3. Responsibility of State for Internationally wrongful acts dibentuk oleh International


law Commission (ILC),suatu komisi di dalam badan perserikatan bangsa-bangsa
(PBB).Responsibility of States For Internationally wrongful acts merupakan suatu
bentuk sumber hukum internasional yang pembentukannya dilatarbelakangi oleh
beberapa pemikiran seperti perkembangan hukum internasional,yang kemudian dalam
perkembangannya dikaitkan dengan ada atau tidaknya suatu komunitas
internasional,serta pemikiran dan kelangsungan akan keberadaan hukum internasional
itu sendiri.Sebagai salah satu sumber hukum internasional Responsibility of States
For Internationally wrongful act disusun dalam bentuk laporan kodifikasi lex lata
yang dituangkan dalam bentuk laporan dari ILC.Responsibility of State For
Internationally wrongful acts berisikan pasal-pasal yang bersifat sangat umum,tidak
dibuat terlalu detil.Kondisi tersebut telah direncanakan oleh ILC agar Responsibility
of states for Internationally wrongfull acts dapat menjadi dasar yang kuat untuk
perkembangan hukum internasional di masa yang akan datang oleh karena banyaknya
perubahan-perubahan yang mungkin terjadi di dunia internasional.Pada bulan
Agustus 2001 Komisi Hukum Internasional (ILC, sebuah badan ahli hukum yang
dibentuk oleh Majelis Umum Perserikatan Bangsa-Bangsa [PBB] pada tahun 1949
untuk menyusun dan secara progresif mengembangkan hukum internasional)
menyelesaikan Pasal-Pasalnya tentang Tanggung Jawab Negara atas Tindakan yang
Salah Secara Internasional (ARSIWA ), sebuah proyek yang telah dikerjakannya
selama lebih dari empat puluh tahun.
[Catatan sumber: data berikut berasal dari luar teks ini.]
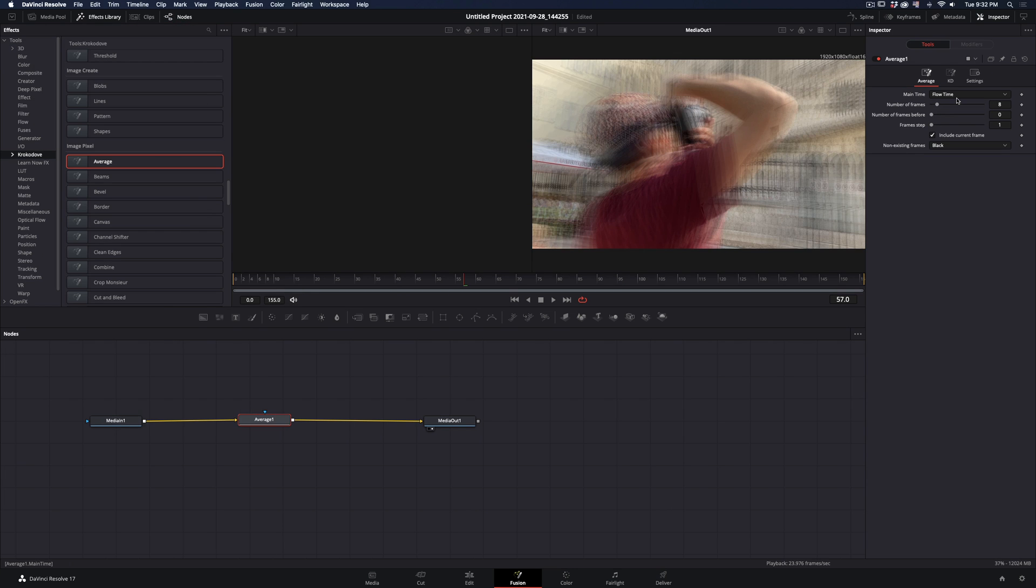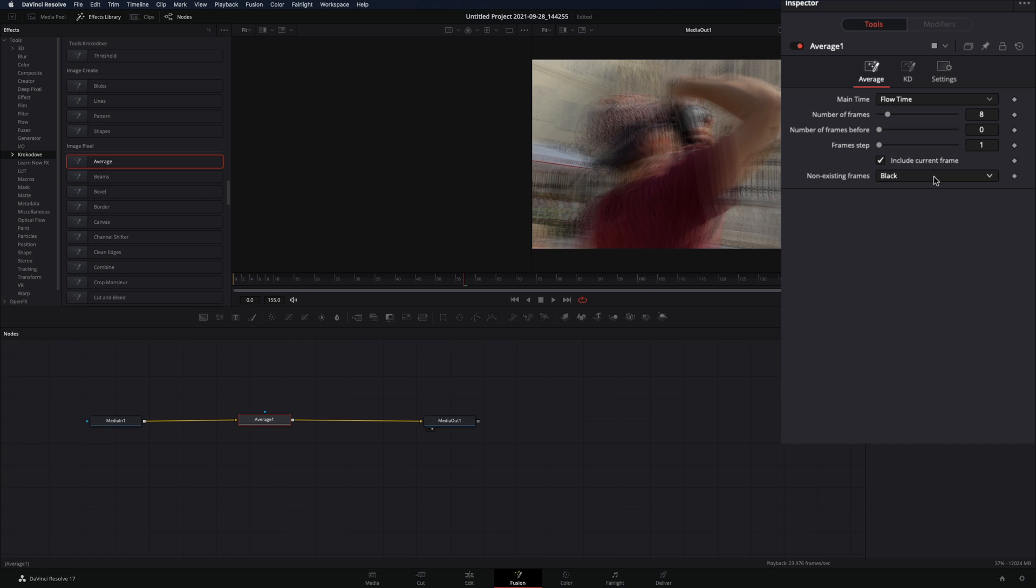And now I will make a 10 minutes instruction on how to install it. Just drag and drop it to the Fusion page. Set the non-existing frames to ignore.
Tujuan dari pasal-pasal tersebut adalah untuk
mengkodifikasikan aturan-aturan yang berlaku umum tentang tanggung jawab
Negara. ARSIWA dipertimbangkan sebagai meletakkan aturan umum yang berlaku
secara default dari aturan yang lebih spesifik yang berlaku untuk kewajiban yang
bersangkutan. Dalam beberapa kasus, aturan khusus dapat berlaku untuk suatu
kewajiban (baik sebagai akibat dari perumusan aturan itu sendiri, atau karena
kewajiban tersebut merupakan bagian dari rezim khusus); misalnya, ada
kemungkinan bahwa kewajiban tertentu dapat tunduk pada aturan khusus yang
mensyaratkan kesalahan atau kerusakan sebelum dianggap sebagai pelanggaran, atau
mungkin kategori Negara yang berhak bereaksi lebih luas daripada posisi default di
bawah ARSIWA. Ini adalah prinsip lex specialis(sepanjang aturan khusus yang
berlaku dan tidak sesuai dengan aturan yang terkandung dalam ARSIWA, aturan
khusus akan berlaku dan menggantikan aturan yang lebih umum).
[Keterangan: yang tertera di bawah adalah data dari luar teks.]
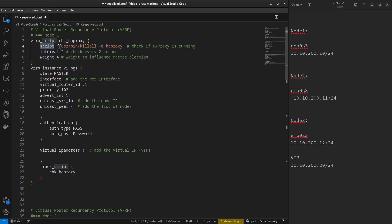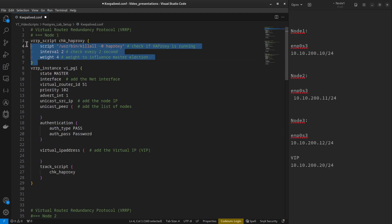The check script runs the command killall -0 haproxy. The -0 flag doesn't actually send a signal but returns zero if the process exists, or one if it does not. The interval is set to 2, meaning the script runs every two seconds. The weight is 4: if the script fails, it subtracts 4 from the instance priority; if it succeeds, it adds 4. This is important to influence master election.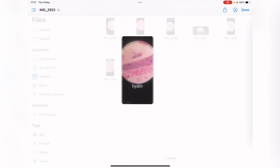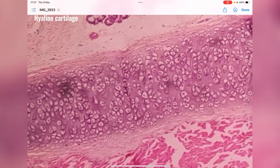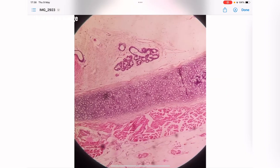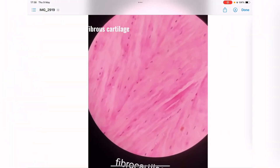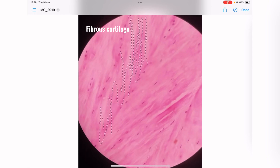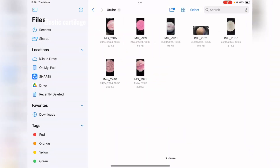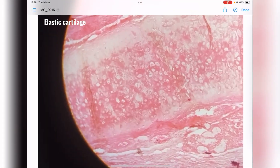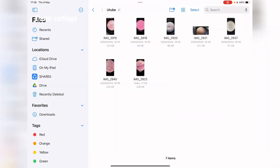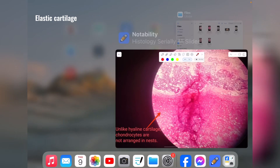Here is hyaline cartilage: you can see multiple chondrocytes present inside the same lacuna forming nests, and the matrix on which they lie is clear. Next, there is high deposition of white fibers with chondrocytes lying on them in a streak-like series — this is fibrous cartilage. Here is another cartilage where chondrocytes are inside lacunae individually and the matrix is opaque due to deposition of yellow fibers — this is elastic cartilage.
 Ada 2 konsep dasar pertanggung jawaban negara dalam hukum internasional
yaitu.
1. Responsibility Adalah kemampuan untuk menjawab atau keterjawaban. State
responsibility berarti tanggung jawab Negara atas tindakan-tindakan publik yang
dilakukan oleh Negara.
2. Liability yaitu Terjadi ketika terdapat kompensasi atau tindakan nyata untuk
memenuhi tanggung jawab.

4. Unsur-unsur pertanggung jawaban Negara dalam Hukum internasional


Titik awal pasal-pasal tersebut adalah bahwa "setiap tindakan salah suatu
Negara secara internasional memerlukan tanggung jawab internasional Negara itu"
(Pasal 1, ARSIWA). Tindakan atau kelalaian suatu Negara akan memenuhi syarat
sebagai "tindakan yang salah secara internasional" jika dua kondisi terpenuhi.
Pertama, tindakan atau kelalaian tersebut harus merupakan pelanggaran kewajiban
internasional, atau, sebagaimana dinyatakan dalam pasal-pasal, harus "tidak sesuai
dengan apa yang dipersyaratkan" oleh kewajiban internasional (Pasal 12, ARSIWA).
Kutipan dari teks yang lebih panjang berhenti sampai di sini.